I sent flowers because I was ready to put my money where my mouth is. I was ready to “walk my talk”, to truly express appreciation for my current circumstances.
The flowers aren’t to say the hurt is gone. It’s not. My gesture doesn’t mean that I condone her tactics. What she did was selfish, immature, unethical and downright destructive. She caused an abundance of pain for a lot of people, and she was “blissfully joyful” about the outcomes of her efforts.
I think the Hurricane Analogy explains it best: Everyone knows hurricanes cause mass devastation. They level homes. They uproot that which was once healthy and thriving. Within a matter of hours, well-known landscapes become unrecognizable.
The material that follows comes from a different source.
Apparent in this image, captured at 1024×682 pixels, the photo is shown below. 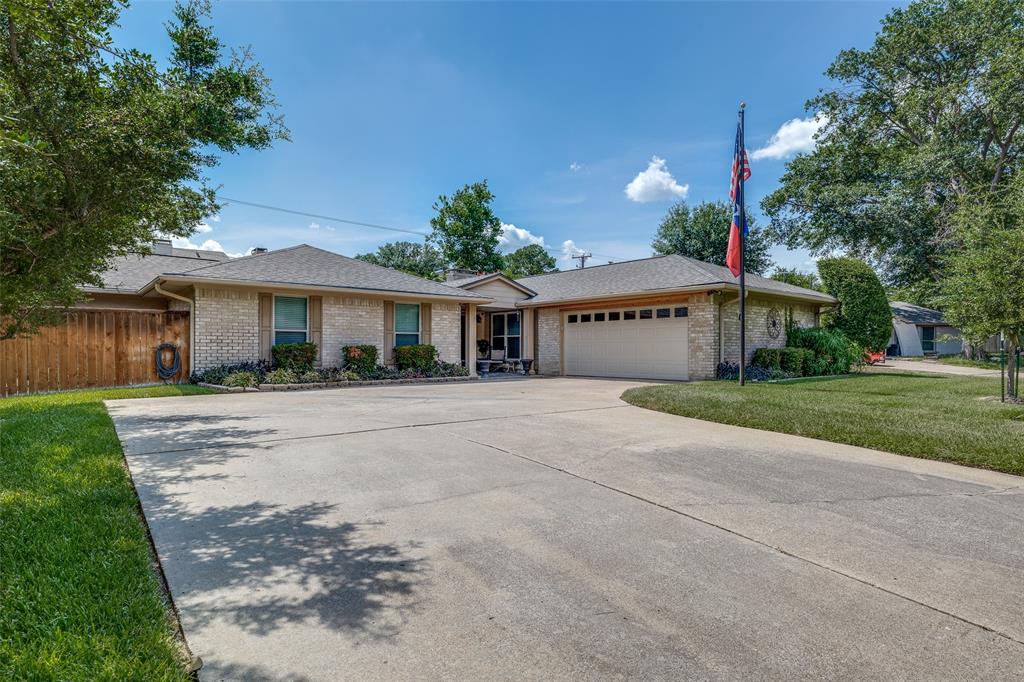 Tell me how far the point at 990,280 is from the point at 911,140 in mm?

It sucks. It really, really sucks. However. Anyone who has walked on the beach after a storm knows that this is when the ocean churns up some of her deepest treasures and places them at our feet.
I lost my home. I lost my family. Yet, as the sun rises on this new day, it warms away the cold, dark places and further illuminates the unforeseen gifts that otherwise would have remained buried. I discovered a different perspective, some wonderful new friends and a few old dreams I forgot I had. It’s enough to reclaim and rebuild my life. And for that, I am thankful.